Paulson emphasized that the organizations are not disputing the science behind the existence of global change itself, but believe that EPA’s record supporting its endangerment finding is inadequate. Four days earlier, when the US Chamber of Commerce announced that it filed a formal petition challenging EPA’s decision, Steven J. Law, its chief legal officer and general counsel, made a similar statement.

Tremendous burden
In comments filed with EPA in 2009, Perry noted that regulating GHGs under CAA would impose a tremendous regulatory and financial burden on farmers and ranchers, small businesses, and an energy industry that employs hundreds of thousands of Texans. Families in the state would each face an estimated additional $1,200/year in living costs under the scheme, he added.

“Around the world, Texas has a well-deserved reputation as a rich source of traditional fuels,” Perry said on Feb. 16. “Thanks to bountiful natural resources and an entrepreneurial culture, we have been providing energy for our nation and world for almost as long as there has been a Texas.

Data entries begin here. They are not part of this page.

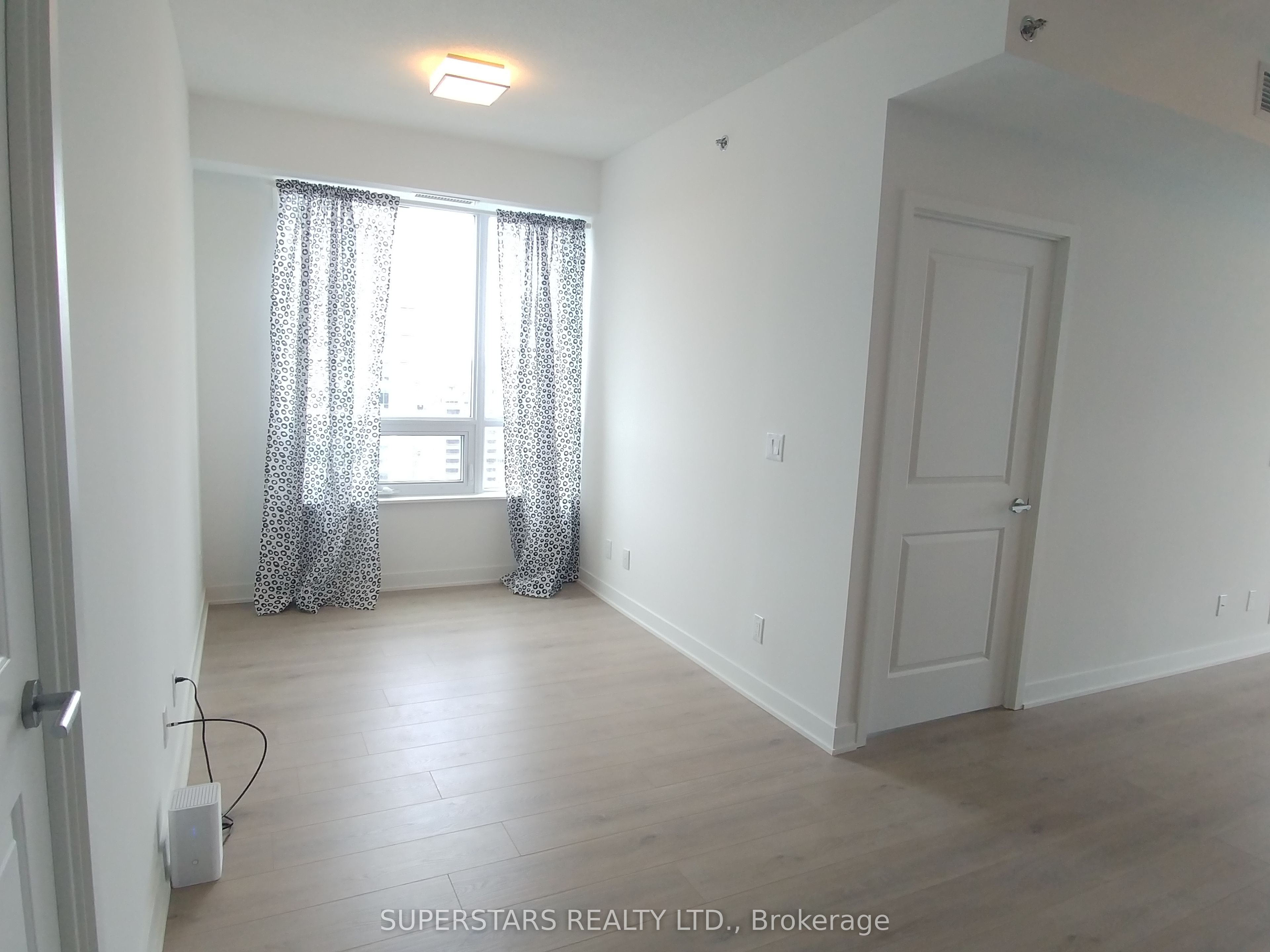 195 Bonis Avenue 1703 Property Photo 15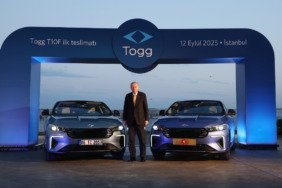 Cumhurbaşkanı Erdoğan'a TOGG’un yeni modeli T10F hediye edildi 4 cumhurbaskani-erdogana-toggun-yeni-modeli-t10f-hediye-edildi-enAqNzvi.jpg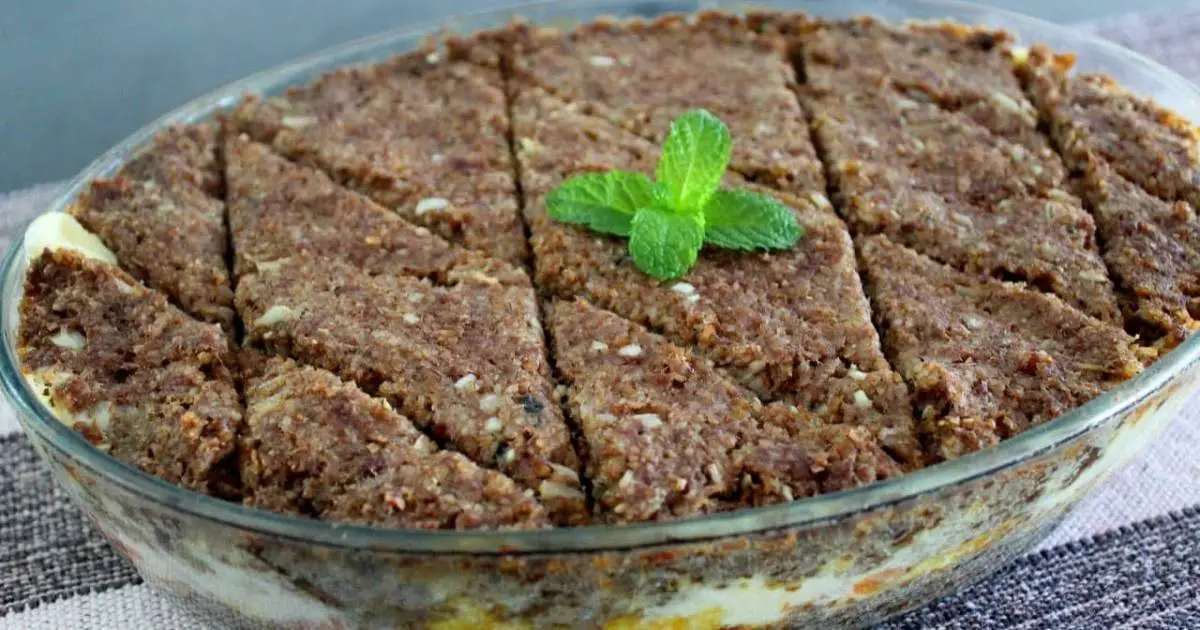 O Quibe Recheado de Forno com Queijo Cremoso é suculento, fácil de fazer e ideal...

As a result, we understand that those traditional energy sources are an essential part of any viable energy strategy to meet the needs of our state and nation.

“Unfortunately, the powers-that-be in Washington are anxious to usher in a ‘new era’ by tearing down the old one, using sweeping mandates and draconian punishments to force the square peg of their vision into the round hole of reality,” he continued. “In the process, they are preparing to undo decades of progress while painting hard-working entrepreneurs as self and destroying hundreds of thousands of jobs.”

Perry commented that Texas has aggressively staked its energy future on alternative and renewable technologies through incentives and innovation instead of mandates and regulations. It produces more power from wind than any other US state, and more than all but four of the world’s countries, he indicated. It also is investing heavily in solar energy, with three utility-scale projects due to begin construction soon and others being developed, he added.

Commissioner Staples noted that Texas agriculture, which accounts for $106 billion or 9.5% of the state’s gross product, would be disproportionately damaged by EPA’s proposed regulations. “As a regulatory agency, the Texas Department of Agriculture is required to impose rules based on sound science, not political science,” Staples said, adding, “Not only does state law require this, but it is also a fundamental principle by which regulators all across the US have always lived. EPA has ignored extensive research on [GHG] emissions and based this significant regulation on faulty data.”